Regression Analysis Example: Predicting Course Quality

Course Quality Prediction Example

Introduction

  • The example is based on an American study from the HA textbook, adapted to an Australian university context.

  • The goal is to determine which factors predict higher student ratings of course quality (CO).

  • Students rate overall course quality on a Likert scale from 1 to 5.

Predictors (Independent Variables)

  • Five predictors (independent variables or X's) are included in the study:

    • Enrolled: Number of students enrolled in the course.

      • Rationale: Larger enrollments might lead to more resources (more staff, better equipment), or smaller enrollments might foster a sense of community and individual attention.

    • Exam Quality: Student satisfaction with the exam content (alignment with topics covered).

      • Example: If an exam in PRM is supposed to have a 50/50 split between ANOVA and regression, but it's 80% regression, students may rate the exam quality poorly.

      • In PRM, efforts are made to ensure an equal number of multiple-choice questions for each lecture.

    • Grade Expected: The grade students expect to receive in the course, based on their previous academic history.

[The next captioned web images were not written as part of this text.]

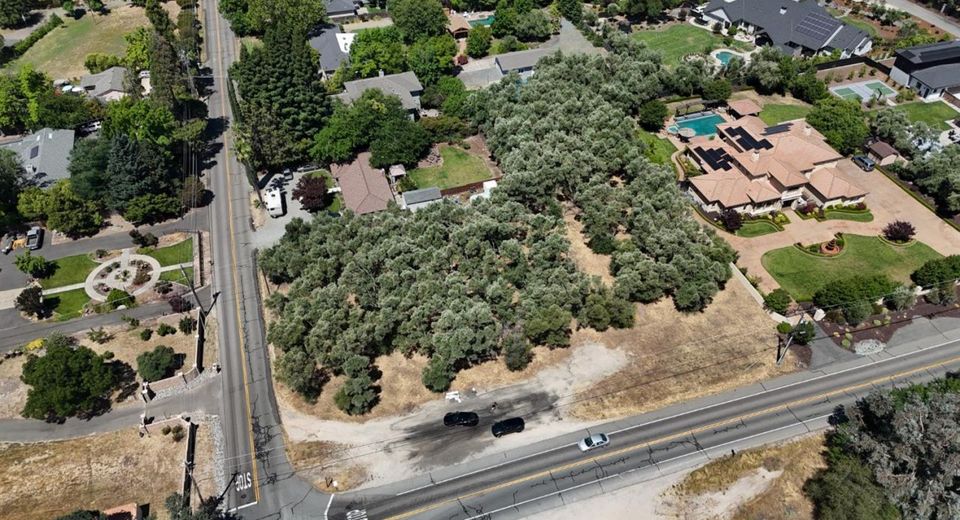 Barton Rd, Granite Bay, CA 95746 Photo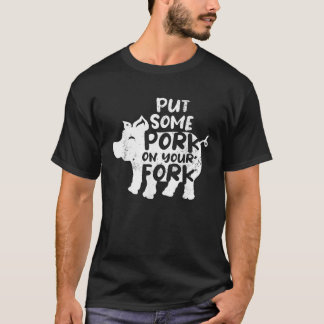 フォークに豚肉を入れるBBQピグローストバーベキュー Tシャツ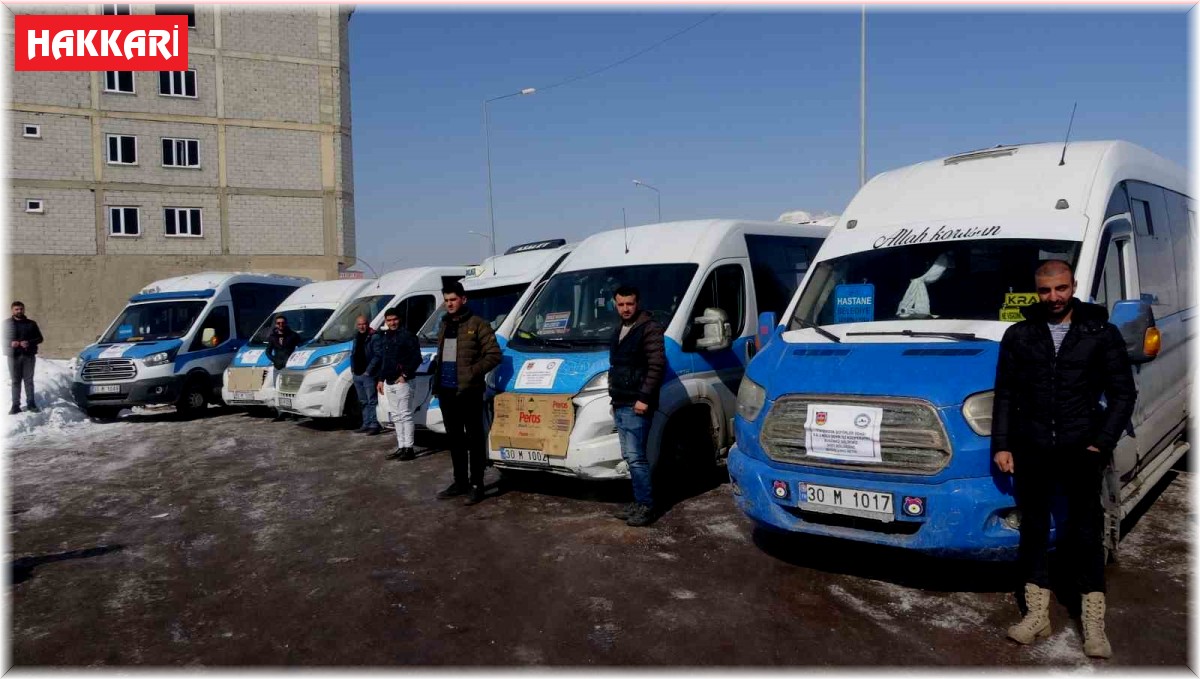 Yüksekova'daki minibüsçüler bir günlük kazançlarını depremzedelere bağışladı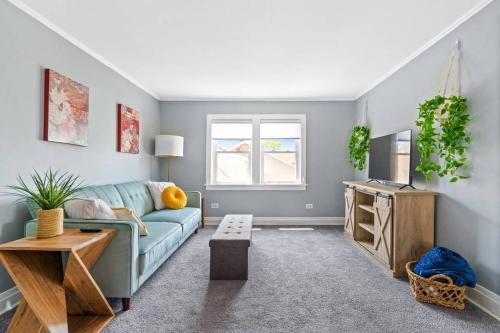 Norwood Park Edison Park Workstation & In unit Laundry 2nd Floor Apt — 4-Star Luxury Hotel in Chicago, United States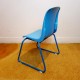 Chaise enfant vintage empilable assise plastique bleu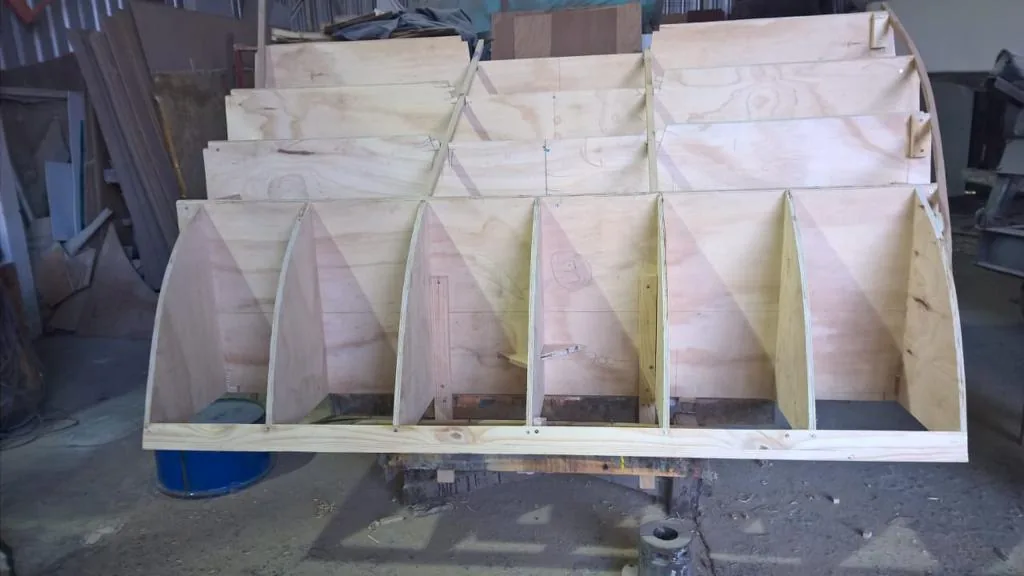 Base de madera para definir forma de deflector PRFV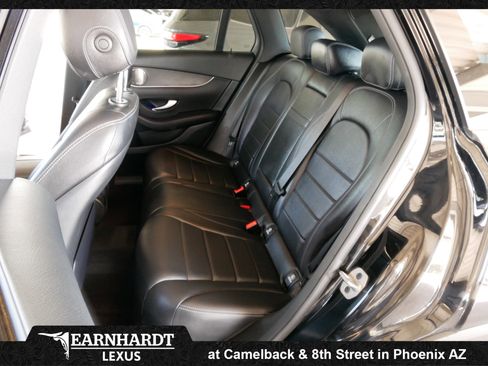 Used 2021 Mercedes-Benz GLC 300 4MATIC image 20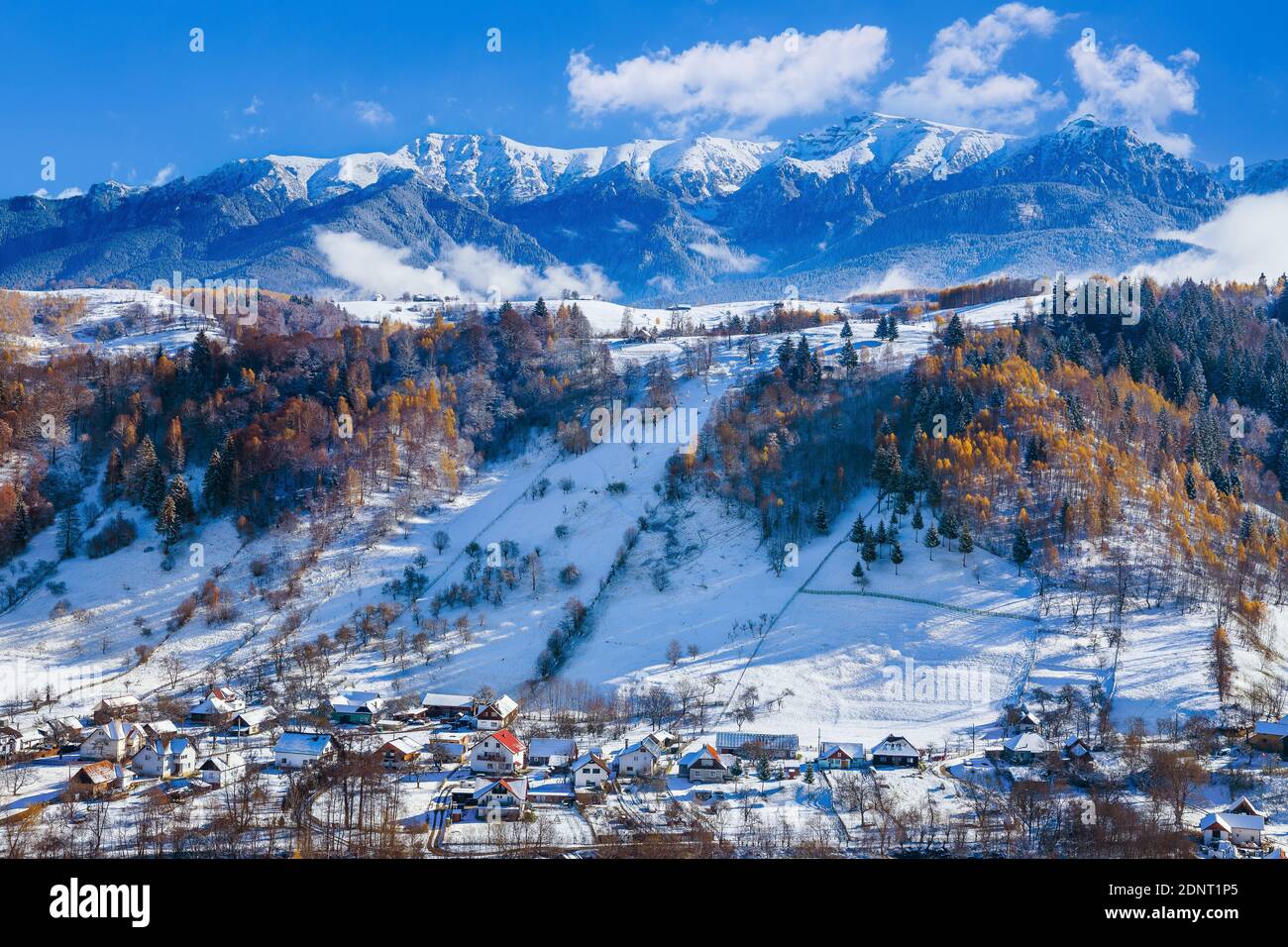 Winter im Dorf Moeciu. Ländliche Landschaft in den Karpaten, Rumänien. Stockfoto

    • Lecturer Knowledge: How much the lecturer knows about the subject matter.

    • Lecturer Ability: How well the lecturer can teach the subject matter.

      • Note: Lecturer knowledge and ability are not necessarily mutually exclusive.

Statistical Output

  • Statistical software packages (SPSS, R, JASP, Jamovi) provide three types of information:

    • Descriptive statistics: Means, standard deviations, and sample sizes (N).

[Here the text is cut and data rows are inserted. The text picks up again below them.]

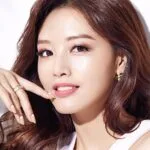 Former Rainbow member Jaekyung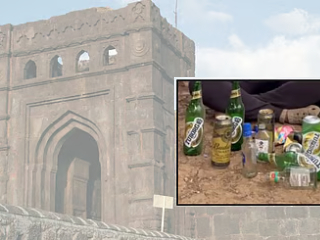 Insulting Raigad Fort : रायगडावर मद्याच्या ५० हून अधिक रिकाम्या बाटल्यांचा खच !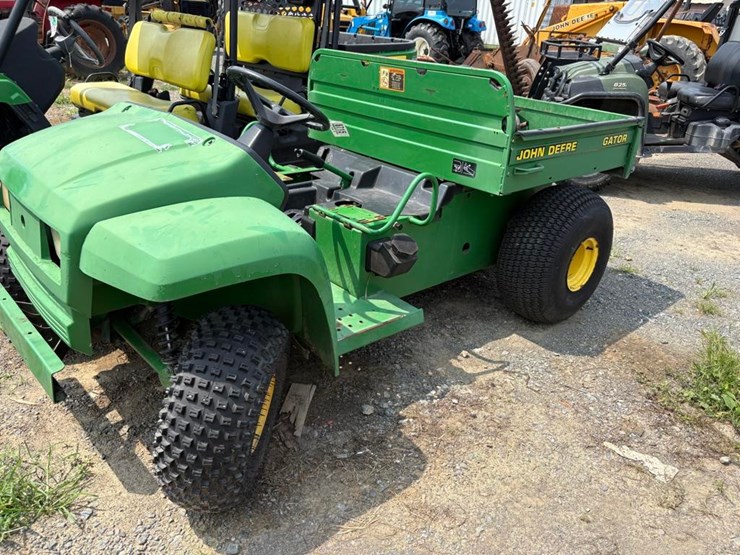 john-deere-gator-image-12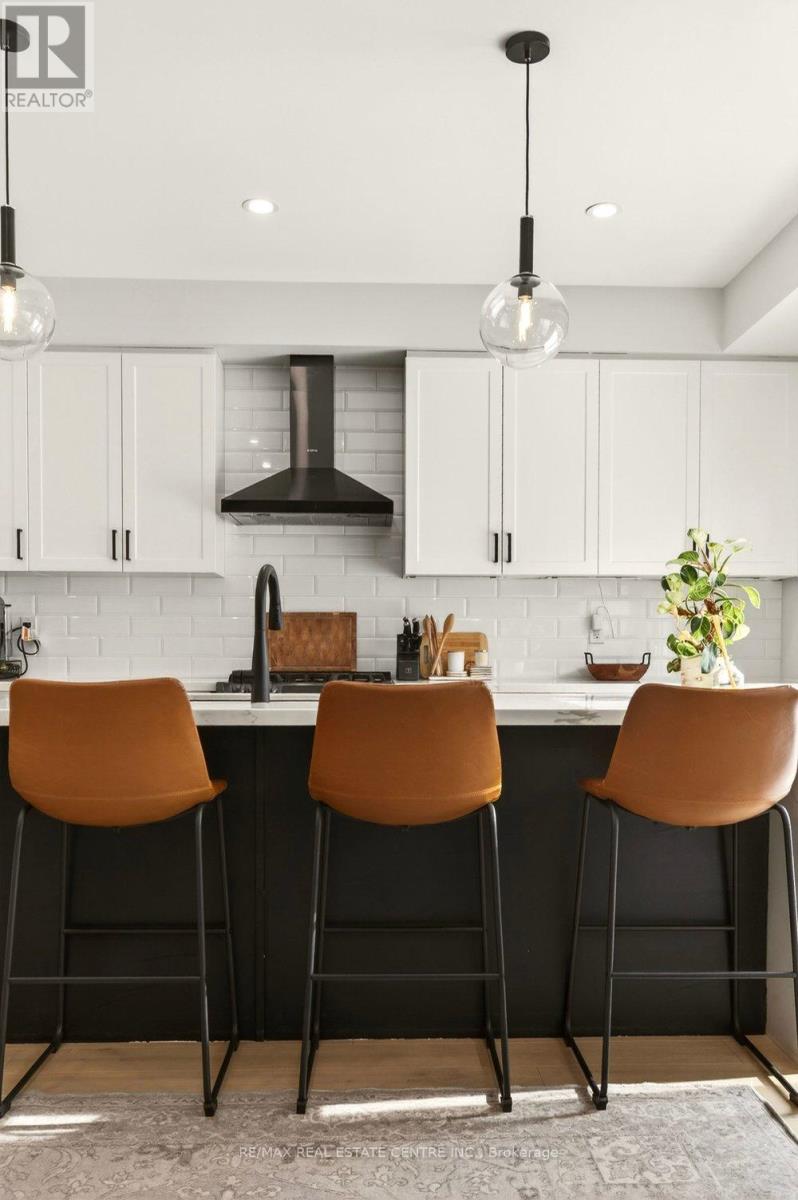 74 Bobolink Road, Hamilton, Ontario  L9A 2P5 - Photo 13 - X12781704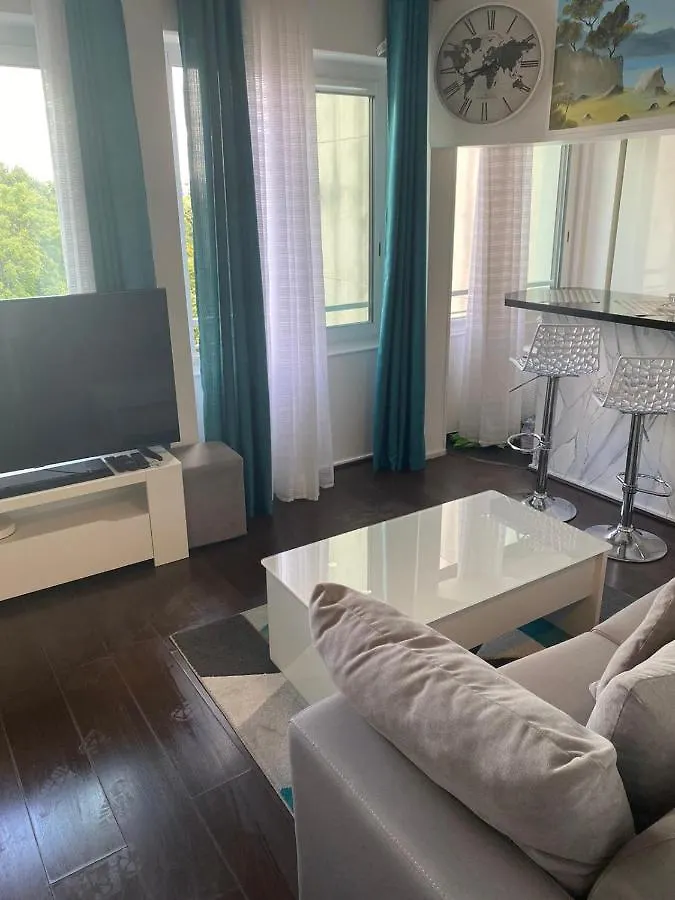 Appartement Ponthieu - Hala Parigi Appartamento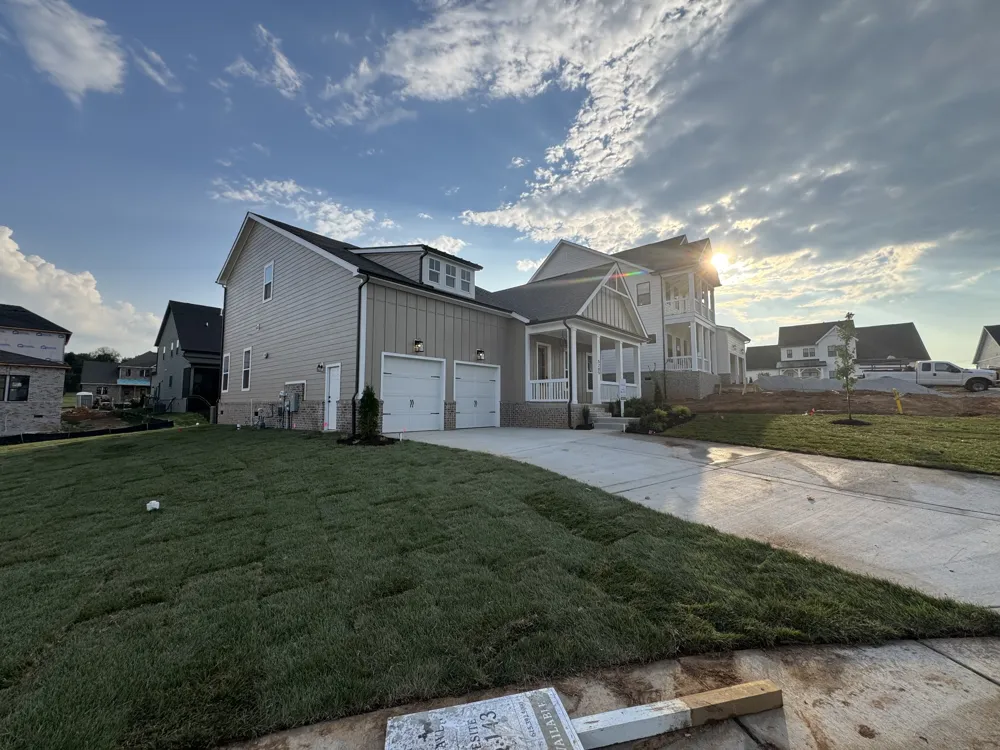 5205 Fairhaven Ct Thompsons Station, TN 37179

    • Inferential statistics of the equation (overall model): R^2 value, indicating the proportion of variance in course quality explained by all five predictors combined, and its significance.

    • Inferential statistics of the predictors: Whether each predictor uniquely contributes to predicting course quality (Y).

Descriptives and Correlations

  • Descriptive statistics include means and standard deviations.

  • Correlations show the relationships between independent variables and the dependent variable (course quality).

  • Exam quality, lecturer knowledge, and lecturer ability show correlations above 0.6 with course quality, indicating significant relationships (p < 0.05).

  • Correlations among independent variables (e.g., exam quality and grade expected at 0.61, lecturability and exam quality at 0.72) may suggest multi-collinearity or redundancy.

Assessing Normality from Descriptives

  • Means and standard deviations can provide insights into the distribution of variables.

    • For Enrol, a mean of 88 and a standard deviation of 145 indicate a positively skewed distribution, as subtracting two standard deviations from the mean results in a negative enrollment number (impossible).

    • Variables measured on a 1-5 Likert scale (e.g., course quality has mean 3.8, SD 0.66) are also likely to be skewed if one standard deviation from the mean exceeds the scale's boundaries.

  • Non-normality can be a concern, and researchers might need to clean up data (remove outliers or transform data) before proceeding.

Overall Model Fit

  • The R^2 value indicates the proportion of variance in course quality explained by all five predictors.

  • Adjusted R^2 is used to account for sample size; it is typically lower than R^2 , especially with small sample sizes.

  • Report the adjusted R^2 if it is substantially different from the R^2.

  • Sample Size Calculation:

    • Degrees of freedom are used to determine the sample size.

    • Given degrees of freedom of 5 (number of independent variables) and 44 (error term), N - 1 = 49, so N = 50.

      • df = N - 1 can be rearranged to N = df + 1.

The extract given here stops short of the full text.